■ Work order: From the line with "ROG Xbox Ally" to the line with "Size 6-9 Months", output every line below exactly, both ends included. Skip the pictures.

■ Excerpted data:
■ ■ ■ ■

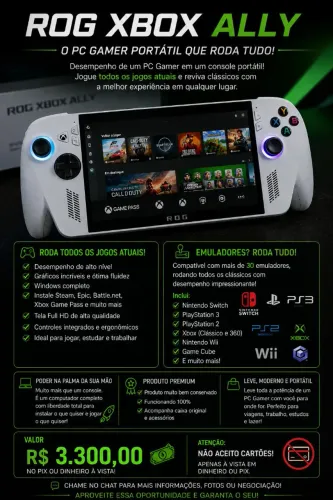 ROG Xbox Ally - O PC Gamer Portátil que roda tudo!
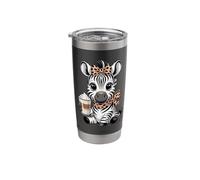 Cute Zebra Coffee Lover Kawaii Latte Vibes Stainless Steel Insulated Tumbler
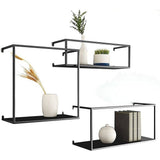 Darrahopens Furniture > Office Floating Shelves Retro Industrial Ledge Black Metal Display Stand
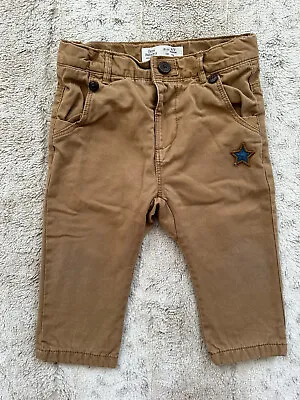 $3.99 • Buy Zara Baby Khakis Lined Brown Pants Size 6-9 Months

■ ■ ■ ■

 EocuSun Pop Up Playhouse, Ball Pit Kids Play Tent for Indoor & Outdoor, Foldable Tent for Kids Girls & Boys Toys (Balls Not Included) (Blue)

■ ■ ■ ■

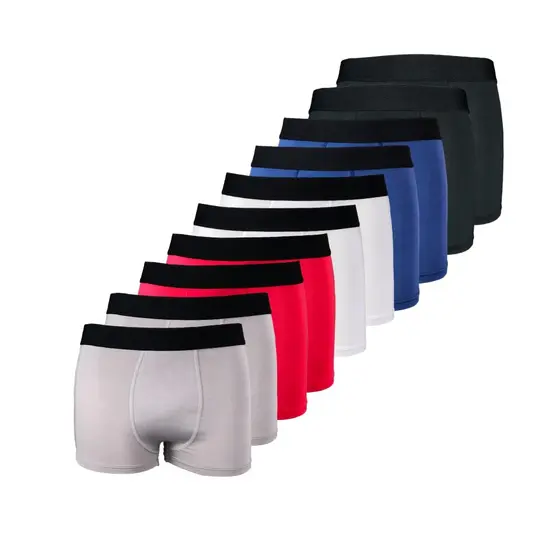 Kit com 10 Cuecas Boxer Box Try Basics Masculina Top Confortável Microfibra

■ ■ ■ ■

■ Response:
 ROG Xbox Ally - O PC Gamer Portátil que roda tudo!
 Cute Zebra Coffee Lover Kawaii Latte Vibes Stainless Steel Insulated Tumbler
 Darrahopens Furniture > Office Floating Shelves Retro Industrial Ledge Black Metal Display Stand
 $3.99 • Buy Zara Baby Khakis Lined Brown Pants Size 6-9 Months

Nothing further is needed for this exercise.